Large Scale Machine Learning and Other Animals: July 2015

Wednesday, July 29, 2015

Scala training in SF

My Israeli Colleague Tomer Gabel is giving two full days Scala training in SF - Aug 11. My blog readers are welcome to use discount code: BOLD200 for getting 200$ off.

A new graph partitioning algorithm at CIKM

We got the following email from Fabio, a gradient student at Rome University:

I'm Fabio Petroni, a Ph.D. student in Engineering in Computer Science at Sapienza University of Rome.

Together with other researcher, we recently developed HDRF, a novel stream-based graph partitioning algorithm that provides important performance improvements with respect to all existing solutions (we are aware about) in partitioning quality.

In particular, HDRF provides the smallest average replication factor with close to optimal load balance. These two characteristics put together allow HDRF to significantly reduce the time needed to perform computation on graphs and makes it the best choice for partitioning graph data.

A paper describing the HDRF algorithm will be presented in the next CIKM conference (http://www.cikm-2015.org) and is available at the following address (this is the final submitted version): http://www.dis.uniroma1.it/~midlab/articoli/PQDKI15CIKM.pdf

We will work with Fabio for including a version of his algorithm for our latest code base GraphLab Create.

Tuesday, July 28, 2015

Some exciting developments at Dato

You may have missed our latest Dato blog post, so I wanted to shed light on two of the coolest released features:

It's particularly exciting to mention that GraphLab Create's integration with Numpy will effectively scale scikit-learn. Now with GraphLab Create and Dato Predictive Services, you can deploy existing scikit-learn models at scale as a RESTful predictive service by changing only a few lines of code. Very cool.

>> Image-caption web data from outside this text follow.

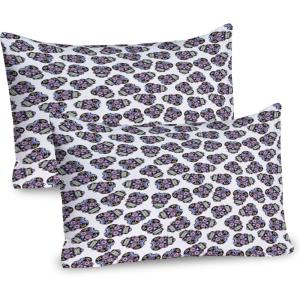 Ambesonne Valentines Day Pillow Sham Set of 2, Pop Culture Keep Calm Words with Heart Shaped Eye Love Theme, Quality Microfiber Bedding Item for All Seasons, 36″ x 20″, Charcoal Grey Pale Pink(Pale Blue Violet)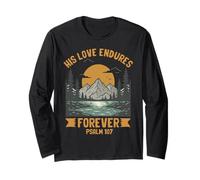 His Loves Endures Forever Salmo 107 Verso de la Biblia Cristiano Manga Larga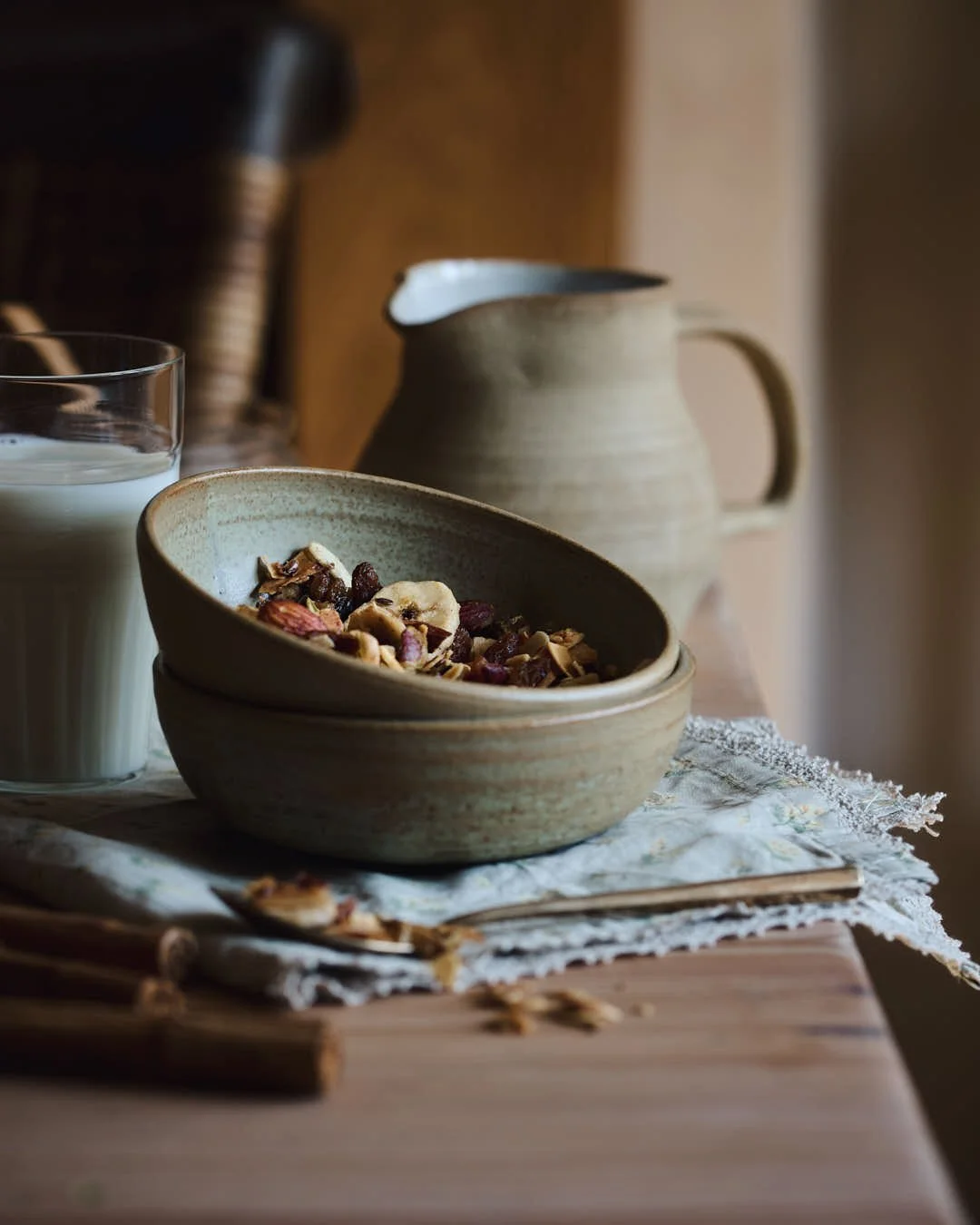 angled image of granola in bowl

Dato Distributed now with distributed machine learning

# jobs distribution environments
# s = gl.deploy.spark_cluster.load(‘hdfs://…’)
# h = gl.deploy.hadoop_cluster.load(‘hdfs://…’)
e = gl.deploy.ec2_cluster.load(‘s3://…’)

# set distribution environment to my AWS cluster
gl.set_distributed_execution_environment(e)

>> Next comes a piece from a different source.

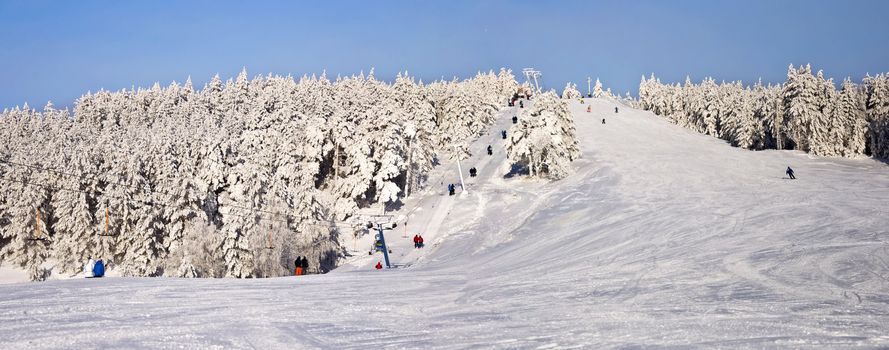 Ski slope with a lift in a snowy forest. Winter landscape. XXL panorama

Dato Distributed enables GraphLab Create users to execute parallel computation of Python code tasks on EC2, Spark or Hadoop clusters. The above shows how GraphLab Create can switch between these environments by changing one-line of code. In GraphLab Create 1.5.1, Dato Distributed on Hadoop now seamlessly supports distributed execution of machine learning models including logistic regression, linear regression, SVM classifier, label propagation and PageRank. Distributed machine learning on EC2 and Spark are in the works.